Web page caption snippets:
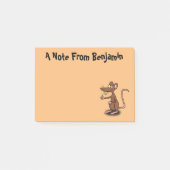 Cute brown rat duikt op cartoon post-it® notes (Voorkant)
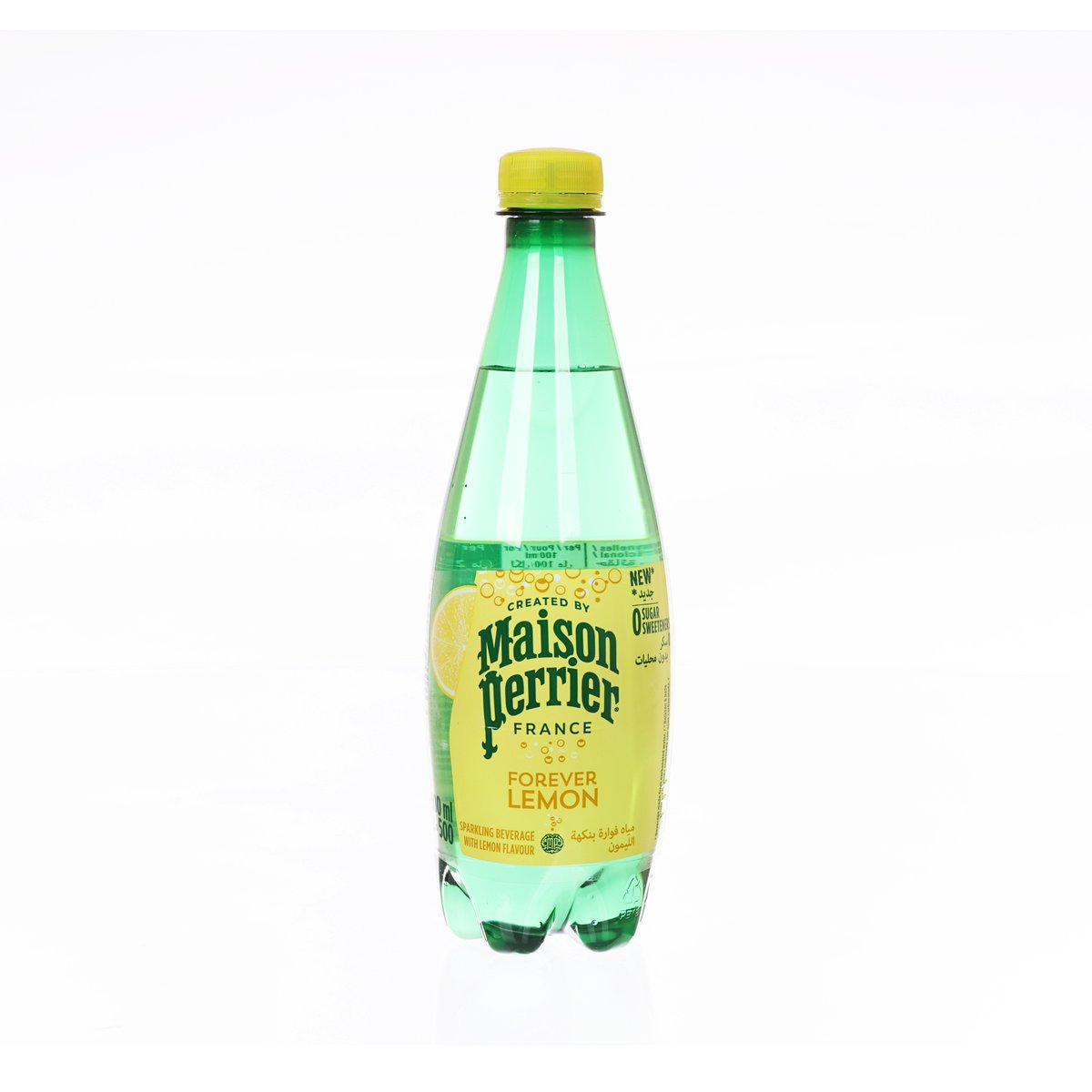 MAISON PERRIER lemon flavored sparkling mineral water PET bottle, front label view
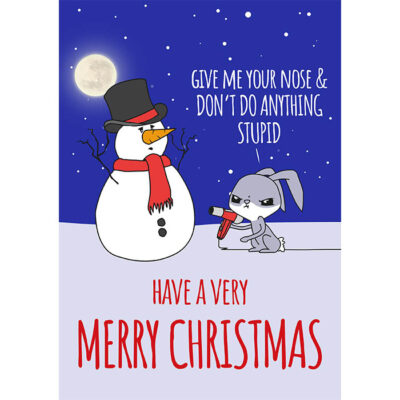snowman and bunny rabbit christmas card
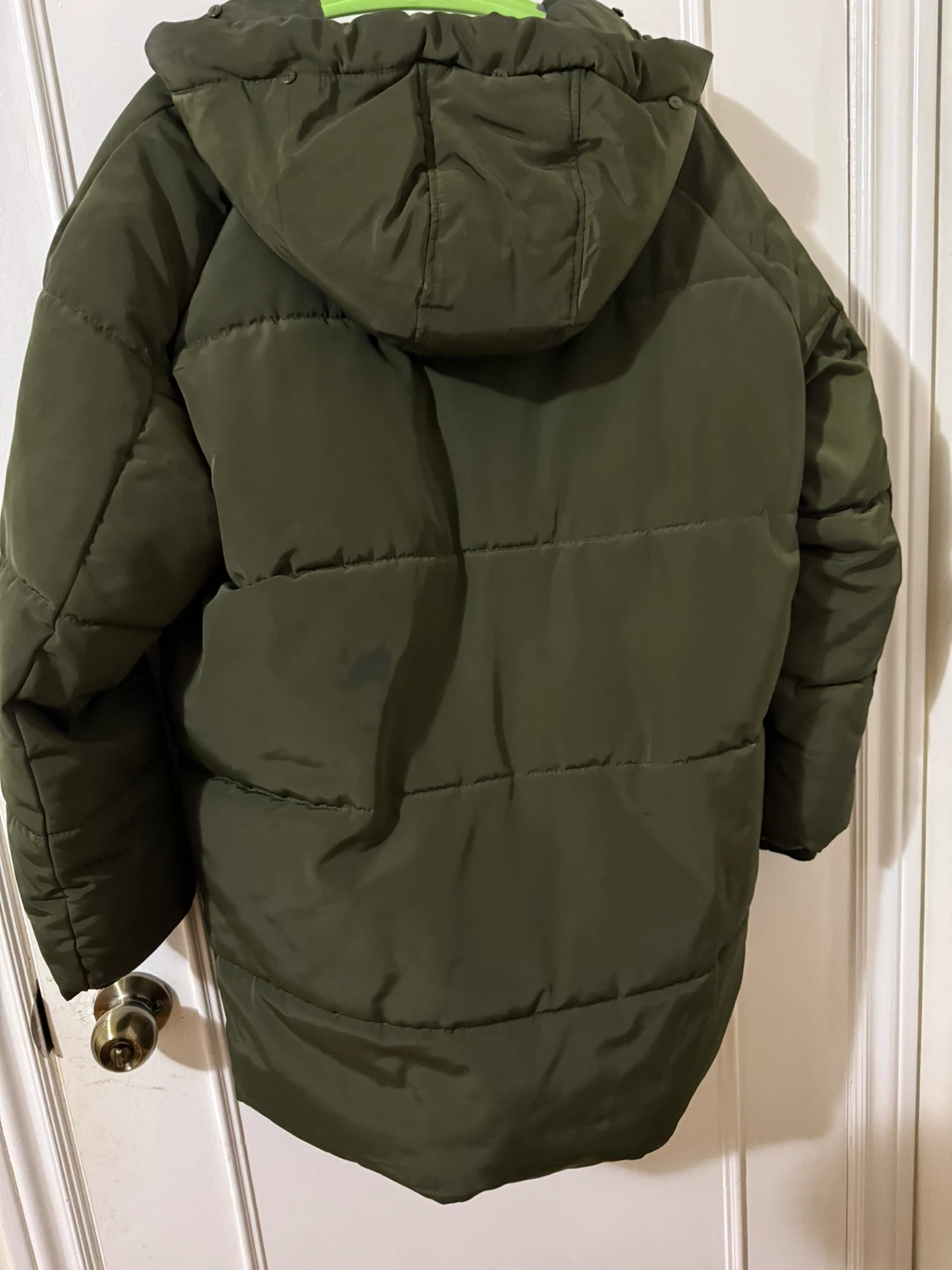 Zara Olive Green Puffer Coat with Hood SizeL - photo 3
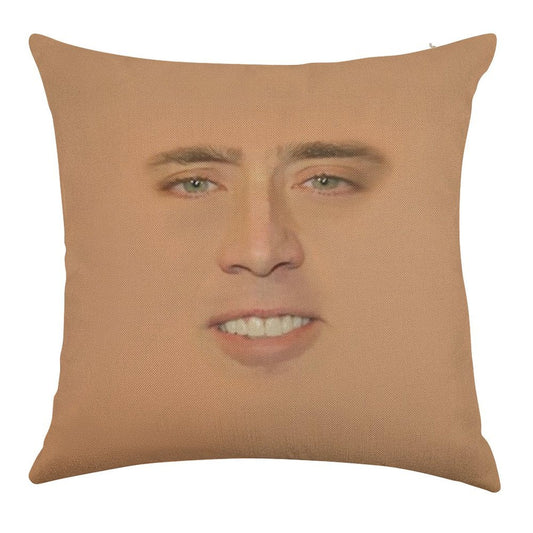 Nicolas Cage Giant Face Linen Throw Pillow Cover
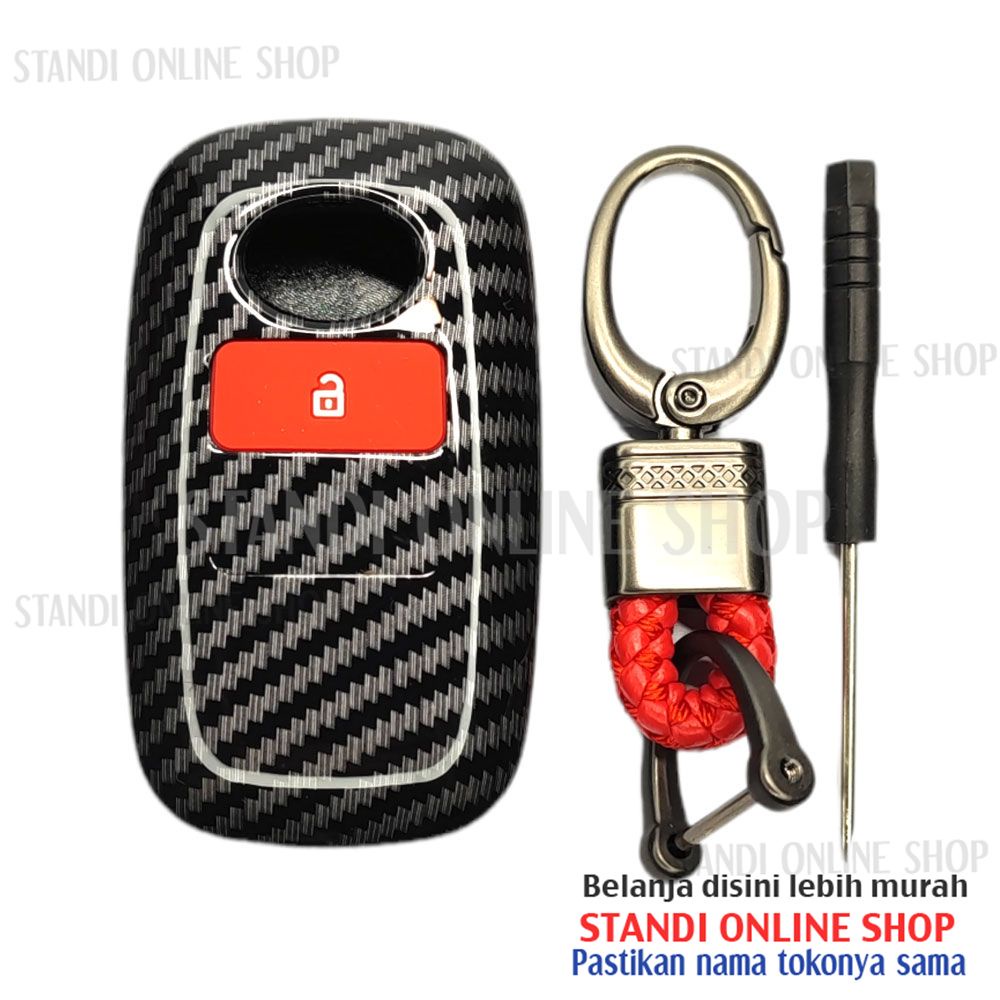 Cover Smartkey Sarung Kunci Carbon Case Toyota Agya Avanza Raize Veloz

== Exercise ==
Transcribe every record above in full. Pictures stay out of the copy.

== Result ==
 Cute brown rat duikt op cartoon post-it® notes (Voorkant)
 MAISON PERRIER lemon flavored sparkling mineral water PET bottle, front label view
snowman and bunny rabbit christmas card
 Zara Olive Green Puffer Coat with Hood SizeL - photo 3
 Nicolas Cage Giant Face Linen Throw Pillow Cover
 Cover Smartkey Sarung Kunci Carbon Case Toyota Agya Avanza Raize Veloz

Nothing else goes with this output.